01. Si logro encontrarlo, podré escapar; si no, valeroso forastero, temo haberos mezclado en mis desdichas: Manfredo sospechará que sois cómplice de mi fuga, y seréis víctima de su resentimiento.
02. Sois un hombre prudente, y aunque el ardor de mi temperamento me traicione con algunas expresiones impropias, honro vuestra virtud y deseo deberos la tranquilidad de mi vida y la conservación de mi familia.
03. Las puertas de vuestra prisión están abiertas. Mi padre y sus criados se han ausentado, pero pueden regresar pronto. ¡Poneos a salvo y que los ángeles del cielo os guíen! ¡Sin duda vos sois uno de esos ángeles!
04. Un terrible silencio reinaba en aquellas regiones subterráneas, salvo, de vez en cuando, algunas corrientes de aire que golpeaban las puertas que ella había franqueado, y cuyos goznes, al rechinar, proyectaban su eco por aquel largo laberinto de oscuridad.
05. La Iglesia es una madre indulgente, así que mostradle vuestras angustias, pues sólo ella puede llevar consuelo a vuestra alma, bien satisfaciendo vuestra conciencia o, tras el examen de vuestras reservas, devolviéndoos la libertad y poniendo a vuestro alcance los medios lícitos para la continuidad de vuestro linaje.
06. Avanzaba sin hacer ruido, en la medida que su impaciencia se lo permitía, aunque se detenía a menudo y aguzaba el oído para saber si la seguían. En uno de esos momentos pensó oír un suspiro. La sacudió un temblor y retrocedió unos pocos pasos. Creyó oír andar a alguien. Se le heló la sangre, pues dedujo que se trataba de Manfredo.
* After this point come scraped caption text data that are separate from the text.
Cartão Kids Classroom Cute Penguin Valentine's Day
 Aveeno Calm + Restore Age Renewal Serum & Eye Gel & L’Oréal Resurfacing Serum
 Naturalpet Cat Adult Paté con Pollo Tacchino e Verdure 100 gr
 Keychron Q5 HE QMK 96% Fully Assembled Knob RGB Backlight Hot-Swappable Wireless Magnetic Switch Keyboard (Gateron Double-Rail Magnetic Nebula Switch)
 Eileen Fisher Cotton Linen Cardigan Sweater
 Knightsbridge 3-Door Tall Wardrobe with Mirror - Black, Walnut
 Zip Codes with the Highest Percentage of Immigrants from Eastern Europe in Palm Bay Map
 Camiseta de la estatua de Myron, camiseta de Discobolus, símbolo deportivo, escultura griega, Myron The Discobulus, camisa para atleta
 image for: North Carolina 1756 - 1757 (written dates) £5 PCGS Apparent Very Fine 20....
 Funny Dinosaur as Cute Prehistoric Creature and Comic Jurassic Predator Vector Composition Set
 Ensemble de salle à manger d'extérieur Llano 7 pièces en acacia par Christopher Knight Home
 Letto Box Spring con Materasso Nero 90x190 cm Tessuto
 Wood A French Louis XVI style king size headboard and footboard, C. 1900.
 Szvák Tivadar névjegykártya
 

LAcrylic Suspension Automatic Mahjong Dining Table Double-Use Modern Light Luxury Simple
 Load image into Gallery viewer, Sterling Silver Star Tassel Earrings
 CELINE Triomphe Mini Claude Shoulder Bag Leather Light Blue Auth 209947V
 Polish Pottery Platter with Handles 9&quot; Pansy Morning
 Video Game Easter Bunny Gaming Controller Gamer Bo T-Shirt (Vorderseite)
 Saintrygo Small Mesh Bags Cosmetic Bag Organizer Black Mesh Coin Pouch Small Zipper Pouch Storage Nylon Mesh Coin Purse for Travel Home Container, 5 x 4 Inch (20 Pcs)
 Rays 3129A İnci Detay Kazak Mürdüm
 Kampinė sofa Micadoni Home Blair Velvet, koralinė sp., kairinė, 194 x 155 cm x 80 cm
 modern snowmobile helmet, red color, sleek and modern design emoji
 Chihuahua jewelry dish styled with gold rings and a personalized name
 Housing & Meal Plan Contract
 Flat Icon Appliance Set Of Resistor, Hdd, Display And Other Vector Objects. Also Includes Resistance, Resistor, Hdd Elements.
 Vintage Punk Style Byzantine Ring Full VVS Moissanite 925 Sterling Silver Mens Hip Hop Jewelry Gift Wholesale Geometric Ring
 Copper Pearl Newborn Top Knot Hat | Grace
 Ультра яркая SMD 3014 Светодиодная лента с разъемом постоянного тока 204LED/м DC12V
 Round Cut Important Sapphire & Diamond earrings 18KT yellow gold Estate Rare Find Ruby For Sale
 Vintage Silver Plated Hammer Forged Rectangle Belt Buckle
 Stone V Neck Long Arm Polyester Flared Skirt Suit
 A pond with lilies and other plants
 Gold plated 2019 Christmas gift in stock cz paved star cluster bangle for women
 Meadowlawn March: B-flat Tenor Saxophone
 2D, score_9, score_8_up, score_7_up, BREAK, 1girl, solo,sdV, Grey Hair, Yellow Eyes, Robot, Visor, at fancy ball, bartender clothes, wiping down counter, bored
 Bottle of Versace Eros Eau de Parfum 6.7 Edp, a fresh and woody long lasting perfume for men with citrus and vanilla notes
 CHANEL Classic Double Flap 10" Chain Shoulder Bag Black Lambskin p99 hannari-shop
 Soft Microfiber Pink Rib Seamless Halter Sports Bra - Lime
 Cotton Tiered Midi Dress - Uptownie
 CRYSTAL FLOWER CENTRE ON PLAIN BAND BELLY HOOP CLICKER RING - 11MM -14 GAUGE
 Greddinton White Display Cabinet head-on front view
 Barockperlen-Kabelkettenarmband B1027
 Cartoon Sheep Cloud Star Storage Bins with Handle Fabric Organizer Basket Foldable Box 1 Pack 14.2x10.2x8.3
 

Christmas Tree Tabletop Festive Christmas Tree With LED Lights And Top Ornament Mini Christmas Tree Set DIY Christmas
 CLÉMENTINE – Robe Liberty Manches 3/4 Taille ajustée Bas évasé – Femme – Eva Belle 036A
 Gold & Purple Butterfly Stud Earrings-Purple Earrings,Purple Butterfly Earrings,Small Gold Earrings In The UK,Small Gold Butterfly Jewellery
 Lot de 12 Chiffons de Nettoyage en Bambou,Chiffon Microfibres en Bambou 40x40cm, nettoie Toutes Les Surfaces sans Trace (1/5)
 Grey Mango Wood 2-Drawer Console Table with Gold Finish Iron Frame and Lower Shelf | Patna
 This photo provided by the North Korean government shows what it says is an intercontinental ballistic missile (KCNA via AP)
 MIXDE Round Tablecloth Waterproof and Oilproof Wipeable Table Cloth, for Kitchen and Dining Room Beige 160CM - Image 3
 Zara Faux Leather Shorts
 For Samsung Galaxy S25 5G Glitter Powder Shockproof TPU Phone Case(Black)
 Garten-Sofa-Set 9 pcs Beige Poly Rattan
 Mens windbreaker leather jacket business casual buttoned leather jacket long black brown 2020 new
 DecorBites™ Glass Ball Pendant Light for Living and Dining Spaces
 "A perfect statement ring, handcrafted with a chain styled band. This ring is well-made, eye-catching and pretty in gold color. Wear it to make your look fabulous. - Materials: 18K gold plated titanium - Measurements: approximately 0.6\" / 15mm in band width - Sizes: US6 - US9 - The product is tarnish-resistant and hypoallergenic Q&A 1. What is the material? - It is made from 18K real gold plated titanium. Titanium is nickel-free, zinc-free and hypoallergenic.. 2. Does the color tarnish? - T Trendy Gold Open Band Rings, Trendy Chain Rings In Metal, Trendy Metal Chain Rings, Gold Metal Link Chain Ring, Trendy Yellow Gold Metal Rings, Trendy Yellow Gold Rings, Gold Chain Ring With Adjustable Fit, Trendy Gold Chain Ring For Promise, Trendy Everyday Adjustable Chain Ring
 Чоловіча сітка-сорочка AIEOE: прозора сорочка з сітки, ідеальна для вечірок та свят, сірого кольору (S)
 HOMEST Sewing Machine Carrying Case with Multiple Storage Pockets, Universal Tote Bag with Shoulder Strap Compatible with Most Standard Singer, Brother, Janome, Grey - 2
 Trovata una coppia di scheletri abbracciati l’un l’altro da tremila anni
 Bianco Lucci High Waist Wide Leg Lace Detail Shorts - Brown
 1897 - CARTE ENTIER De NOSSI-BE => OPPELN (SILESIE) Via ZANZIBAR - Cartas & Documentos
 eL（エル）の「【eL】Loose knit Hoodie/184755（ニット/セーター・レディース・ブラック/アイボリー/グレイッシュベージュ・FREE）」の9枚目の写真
07. No se había internado mucho cuando creyó oír los pasos de alguien que parecía precederle. Firmemente convencido de cuanto nuestra sagrada fe nos enseña, Teodoro no creía que las buenas personas sean abandonadas sin causa a la maldad de los poderes de las tinieblas. Consideró más probable que el lugar estuviera infestado de ladrones antes que de esas criaturas infernales que, según cuentan, molestan y aterrorizan a los viajeros.
08. En ese mismo momento, un trueno sacudió el castillo hasta sus cimientos. La tierra se estremeció, y por atrás se oyó el entrechocar metálico de una armadura sobrenatural. Federico y Jerónimo creyeron que el día postrero había llegado. El segundo, arrastrando con ellos a Teodoro, corrió al patio. En el momento que salió Teodoro, los muros del castillo a la espalda de Manfredo se derrumbaron por efecto de una poderosa fuerza, y la silueta de Alfonso, dilatada hasta una inconcebible magnitud, apareció en el centro de las ruinas.